Nel campo etimologico la parola Ucraina significa semplicemente Terra di confine. In tempi più remoti essa era anche nota come Piccola Russia, per distinguerla dalla Grande Russia (la Russia vera e propria) e dalla Russia Bianca (Bielorussia). Insomma, gli Ucraini sono sostanzialmente dei Russi di frontiera, che in questa parte della pianura sarmatica, con i fiumi che scorrono verso sud, hanno soppresso le popolazioni precedentemente stanziate (Greci, Circassi, Tatari, Cosacchi, eccetera) e millantano di essere loro stessi un popolo a parte, per il mero fatto di essere riusciti a brevettare il proprio gergo dialettale ed iscriverlo nel registro delle lingue riconosciute come nazionali.
Ecco, fermo restando che le motivazioni di Vladimiro Putin da Mosca sono davvero imperdonabili (“Non è puossìbile lasciare nuòstra popolazione russa intrappuolàta in artigli di quèi froci fascisti di Kiev”) e non possono in alcun modo giustificare l'ingerenza diretta della Russia nella vicenda, al termine dello scritto ci congederemo con un trittico di mappe, che tanto i giornalisti quanto i politicanti non conoscono o non vogliono ricordare. Serviranno per comprendere tanto la vera origine delle azioni di Mosca, quanto che si tratti di una faccenda tra Slavi e che devono sbrigarsela tra loro. Noi che abitiamo al di qua dei Carpazi dobbiamo sicuramente caldeggiare e favorire l'inizio di un dialogo pacifico intorno al tavolo, possiamo anche divertirci a scegliere se tifare per gli azzurro-gialli o per i bianco-blu-rossi, ma non sognamoci di intervenire, decidere sanzioni, di ingerire o perfino di esprimere giudizi in una questione familiare altrui.

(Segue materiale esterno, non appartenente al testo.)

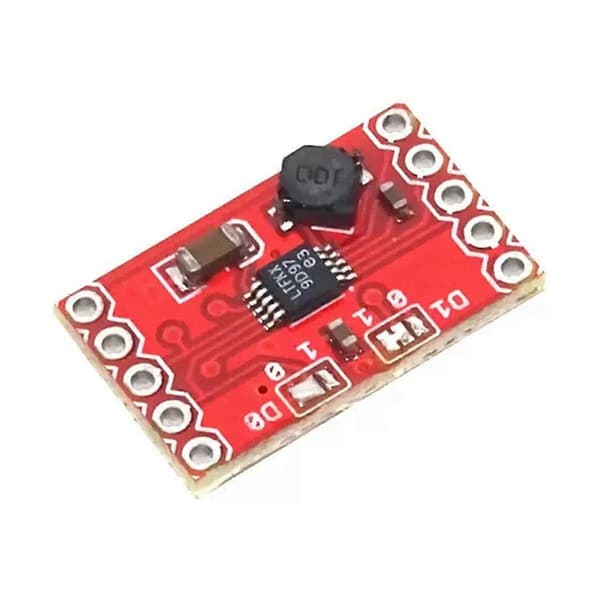 Energimodul Ltc3588 Energi Piezo Energi Multifunktionel Bekvemmelighed Solar Piezo Komponenter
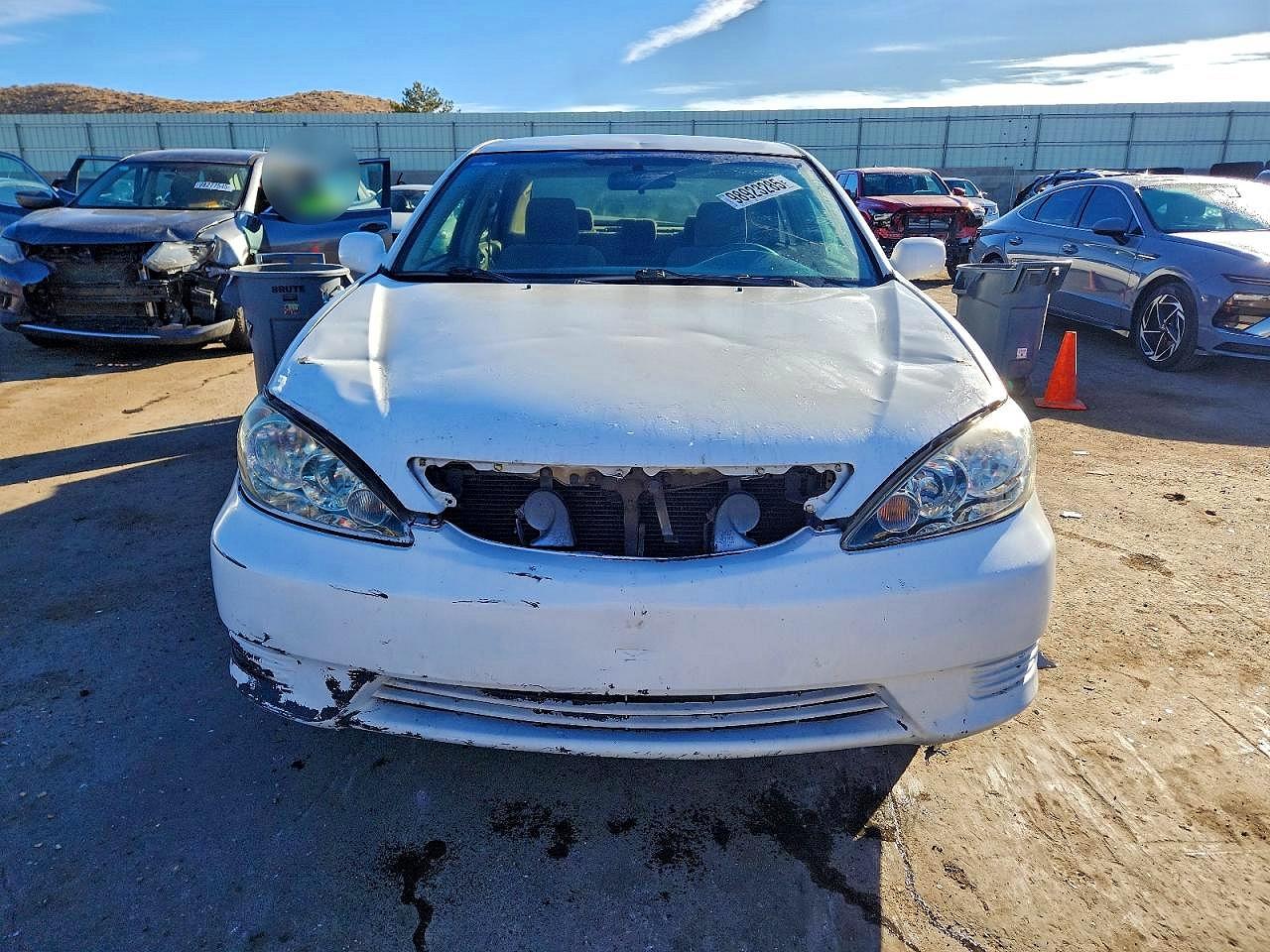 2006 TOYOTA CAMRY LE photo 13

Concludiamo con una osservazione rivolta a quanti, pochi anni fa, si ribellarono mediaticamente alla rimozione della statua del soldato sovietico da Tallinn ed a quanti, diplomaticamente, ancora oggi deplorano la politica sociale di Estonia e Lettonia rivolta ai Russi presenti nel loro territorio, che possono scegliere solo tra l’essere assimilati o l’andare via. Quello che è già accaduto in Georgia nel 2008 e che sta accadendo in Crimea oggi, nel 2014, rischia sempre di ripetersi sulle Repubbliche baltiche. E stiamo attenti anche dalle nostre parti, dove con esagerata disinvoltura si vendono edifici residenziali ed attività produttive ai Russi. Stiamo attenti a non farli diventare una minoranza etnica, perché in futuro ci sarà sempre un Putin pronto a tirarci i sassi con la fionda, se non faremo come dice lui.